From-scratch RMSProp

Same skeleton as Adagrad, but the accumulator update is now an EMA. One extra hyperparameter (\gamma):

def rmsprop_2d(x1, x2, s1, s2):
    g1, g2, eps = 0.2 * x1, 4 * x2, 1e-6
    s1 = gamma * s1 + (1 - gamma) * g1 ** 2
    s2 = gamma * s2 + (1 - gamma) * g2 ** 2
    x1 -= eta / math.sqrt(s1 + eps) * g1
    x2 -= eta / math.sqrt(s2 + eps) * g2
    return x1, x2, s1, s2

def f_2d(x1, x2):
    return 0.1 * x1 ** 2 + 2 * x2 ** 2

eta, gamma = 0.4, 0.9
d2l.show_trace_2d(f_2d, d2l.train_2d(rmsprop_2d))

def init_rmsprop_states(feature_dim):
    s_w = d2l.zeros((feature_dim, 1))
    s_b = d2l.zeros(1)
    return (s_w, s_b)

def rmsprop(params, states, hyperparams):
    gamma, eps = hyperparams['gamma'], 1e-6
    for p, s in zip(params, states):
        s[:] = gamma * s + (1 - gamma) * np.square(p.grad)
        p[:] -= hyperparams['lr'] * p.grad / np.sqrt(s + eps)

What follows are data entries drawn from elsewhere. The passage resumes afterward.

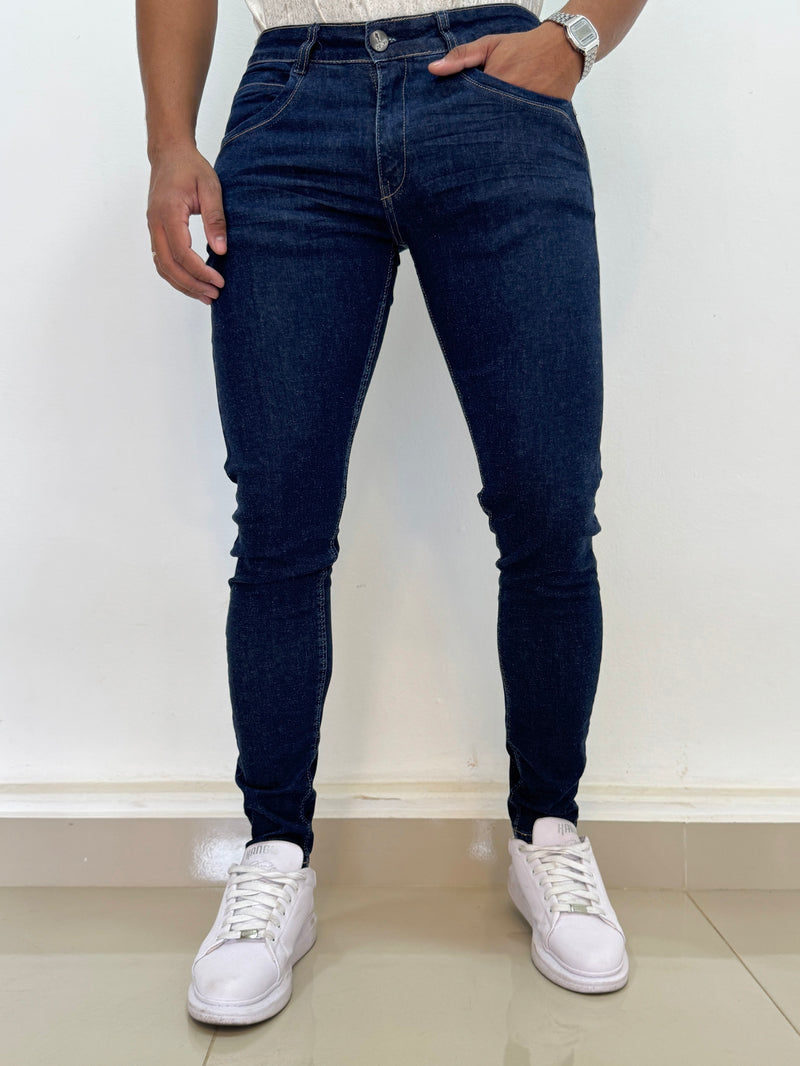 Calça Jeans Skinny Escura - Zip Off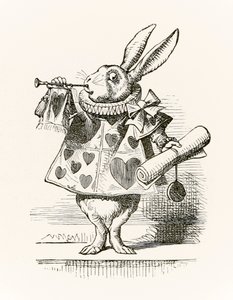 Le Lapin Blanc avec trompette et parchemin annonçant l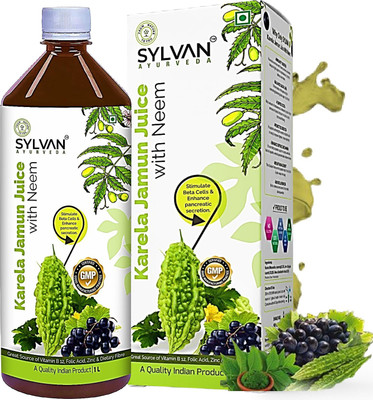 SYLVAN AYURVEDA KARELA JAMUN NEEM JUICE 1L Helpful in Diabetes & Weight Management(1 L)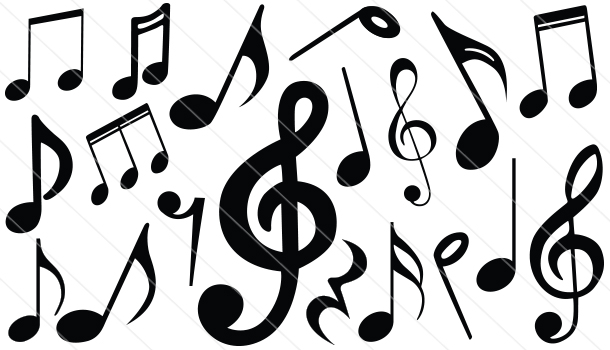 Music Notes Silhouette Vector Free 610x350 Music Notes Silhouette Vector Free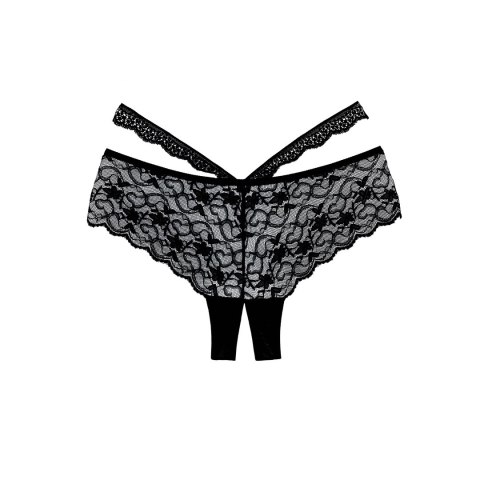 Allure Heartbreaker majtki koronkowe z otwartym klinem, czarne Allure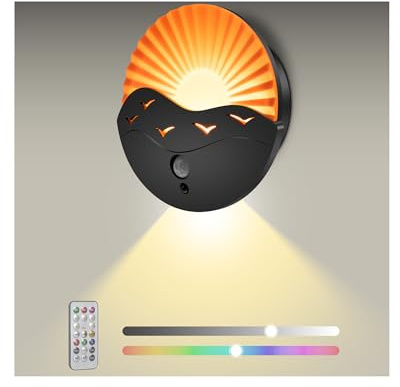 BlueYu Veilleuse détecteur de mouvement télécommande minuteur - LED rechargeable magnétique changement de couleur - chambre à coucher couloir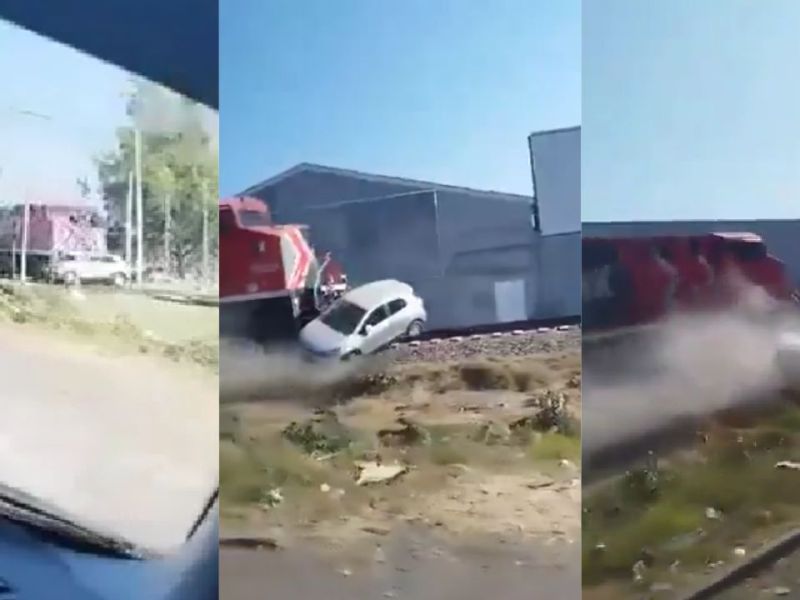VIDEO: Tren embiste a conductora en Zapopan; intentó ganar el paso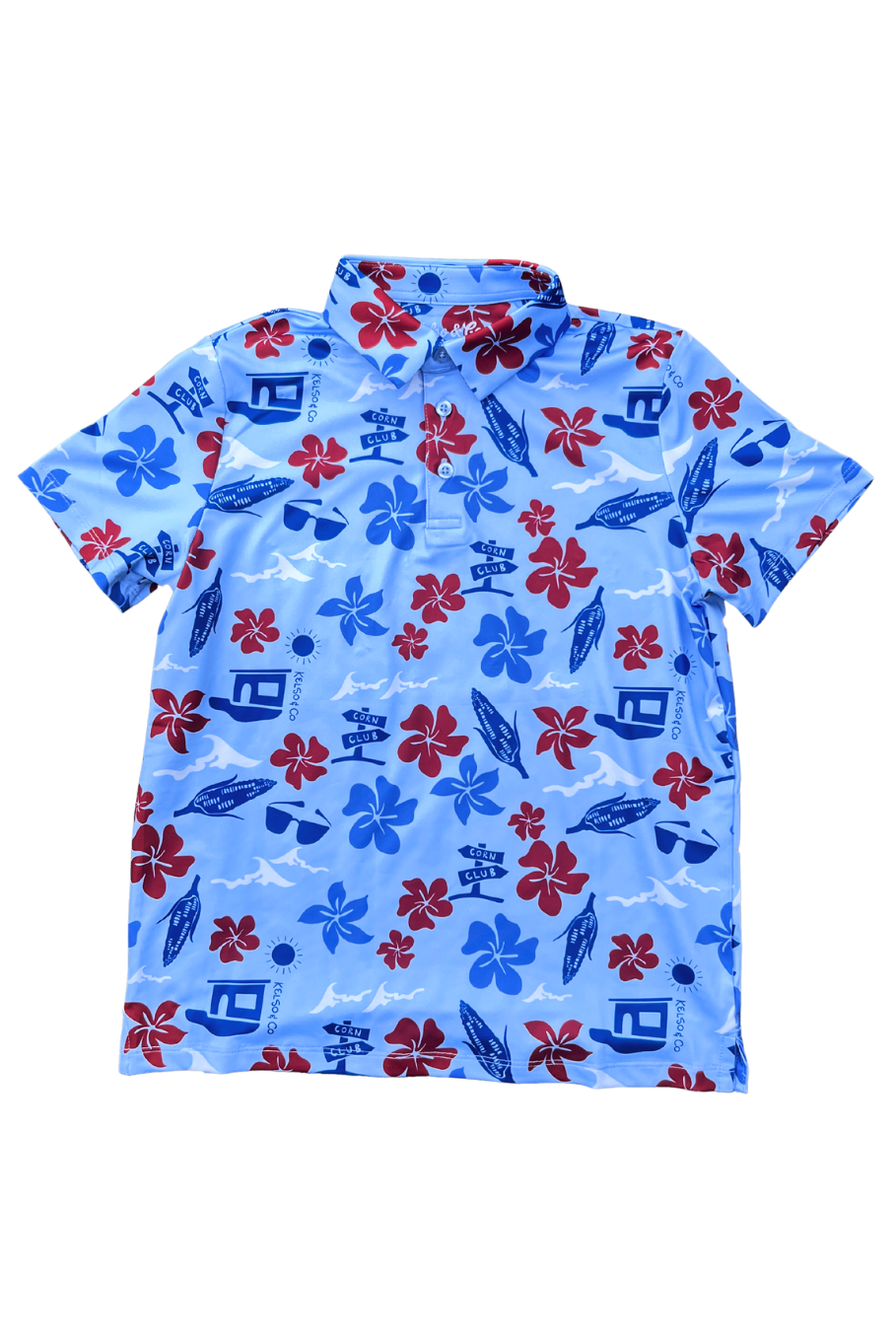 Picture of the front of a kid's blue Hawaiian inspired polo. 
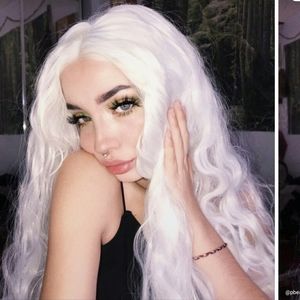 White Gray Wavy Lace Front Wig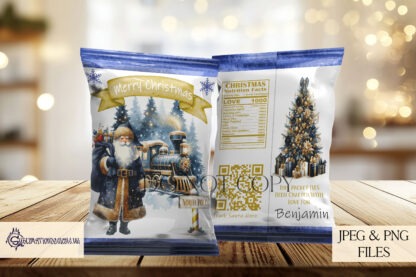 Santa Express Train Crisp Packet Design Set featuring 5 festive designs with Santa and his train at the North Pole Station, ideal for customisable treat packets.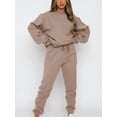 thumbnail image 6 of Lounge Sets for Women 2 Piece Travel Vacation Outfits Fall Sweatsuit Tracksuit Khaki M, 6 of 8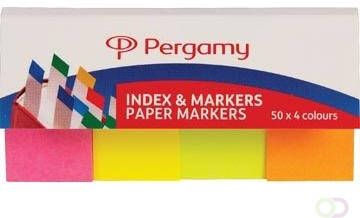Pergamy Index &amp papieren markeerstroken pak van 4 x 50 vel geassorteerde neon kleuren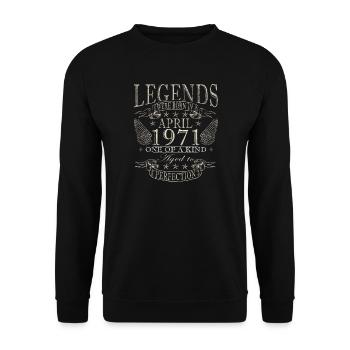 Cadeau d’anniversaire d’avril 1971 rétro avril 1971 - Sweat-shirt Unisexe - noir - Devant - Alina (178cm) & Michal (187cm)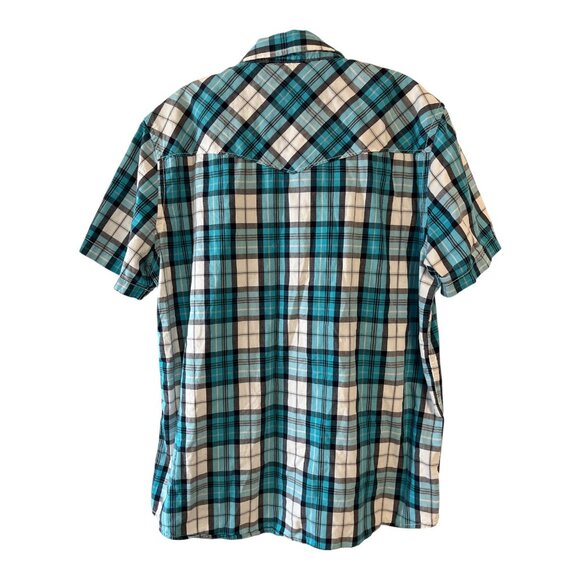 Roebuck & Co. Men’s L Plaid Pearl Snap Western Shirt – Blue/Black/White – 2010s - Picture 7 of 7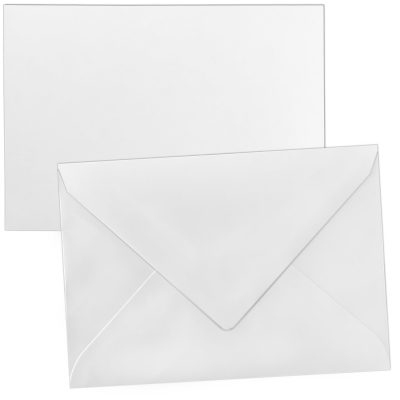 100 x Briefumschläge DIN C6 (114 x 162 mm), spitze Klappe, nassklebend NK ohne Fenster, weiß, 80 g/qm, Seidenfutter-Hülle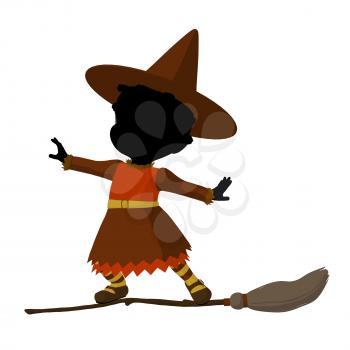 Royalty Free Clipart Image of a Baby Witch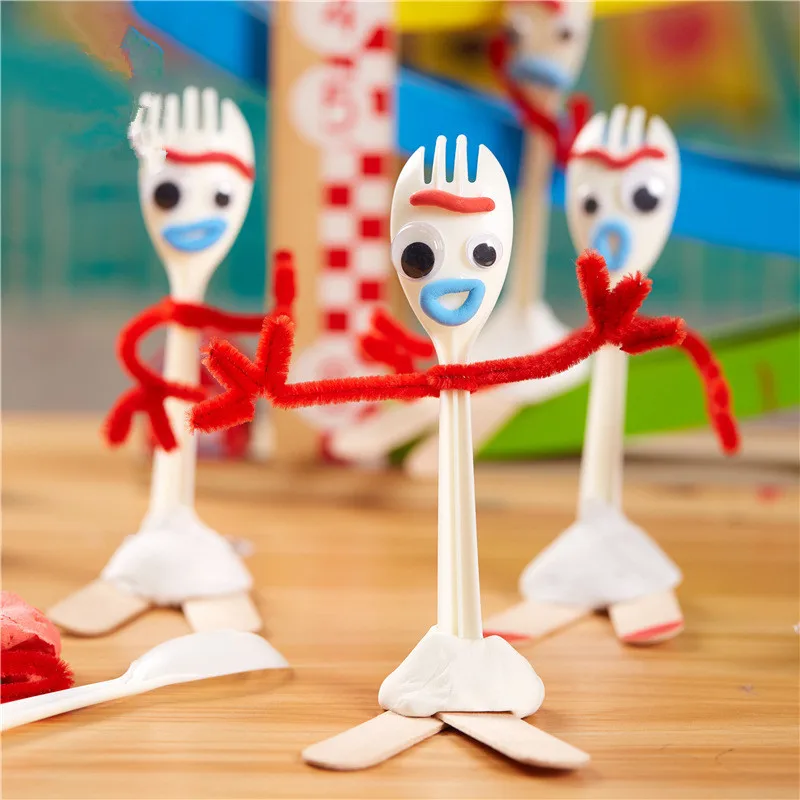 14cm Diy Forky Buzz Lightyear Toy Story 4 Cartoon Action Figure Collectible Doll Toys DIY Interactive Toy for Children Gifts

data_iter, feature_dim = d2l.get_data_ch11(batch_size=10)
d2l.train_ch11(rmsprop, init_rmsprop_states(feature_dim),
               {'lr': 0.01, 'gamma': 0.9}, data_iter, feature_dim);

Concise: framework RMSProp

d2l.train_concise_ch11('rmsprop', {'learning_rate': 0.01, 'rho': 0.9},
                       data_iter)

Recap

RMSProp = Adagrad with the accumulator replaced by an EMA: \mathbf{s}_t = \gamma \mathbf{s}_{t-1} + (1-\gamma) \mathbf{g}_t^2.
Standard \gamma = 0.9 → ~10-step effective window.
Effective learning rate doesn’t collapse, so usable in deep non-convex training.
Adam = RMSProp + momentum on the gradient (with bias correction). Coming up.